Please return every line of the records that contains the word "Quale".

[Extracted records]
——————

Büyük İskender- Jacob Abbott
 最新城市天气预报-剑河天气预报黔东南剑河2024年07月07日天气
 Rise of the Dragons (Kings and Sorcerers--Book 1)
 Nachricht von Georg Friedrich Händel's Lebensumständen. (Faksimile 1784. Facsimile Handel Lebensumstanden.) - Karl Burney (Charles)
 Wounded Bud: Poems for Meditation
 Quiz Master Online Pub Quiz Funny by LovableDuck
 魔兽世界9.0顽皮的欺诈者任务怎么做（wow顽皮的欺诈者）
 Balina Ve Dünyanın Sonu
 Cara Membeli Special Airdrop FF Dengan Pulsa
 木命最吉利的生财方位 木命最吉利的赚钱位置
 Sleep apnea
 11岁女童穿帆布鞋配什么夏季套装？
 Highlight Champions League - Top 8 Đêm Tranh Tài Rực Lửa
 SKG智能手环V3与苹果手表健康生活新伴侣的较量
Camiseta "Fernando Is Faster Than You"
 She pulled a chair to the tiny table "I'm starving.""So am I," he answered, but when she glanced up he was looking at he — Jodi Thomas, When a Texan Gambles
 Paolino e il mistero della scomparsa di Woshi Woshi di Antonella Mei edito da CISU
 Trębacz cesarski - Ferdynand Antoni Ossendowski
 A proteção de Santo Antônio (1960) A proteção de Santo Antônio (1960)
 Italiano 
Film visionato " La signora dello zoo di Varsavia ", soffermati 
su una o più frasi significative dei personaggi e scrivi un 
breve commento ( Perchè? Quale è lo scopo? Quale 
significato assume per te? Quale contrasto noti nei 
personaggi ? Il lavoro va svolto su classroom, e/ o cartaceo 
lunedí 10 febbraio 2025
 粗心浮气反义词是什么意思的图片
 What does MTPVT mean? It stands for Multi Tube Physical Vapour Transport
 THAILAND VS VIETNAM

——————

• [WRITTEN SOLUTION]:
breve commento ( Perchè? Quale è lo scopo? Quale 
significato assume per te? Quale contrasto noti nei 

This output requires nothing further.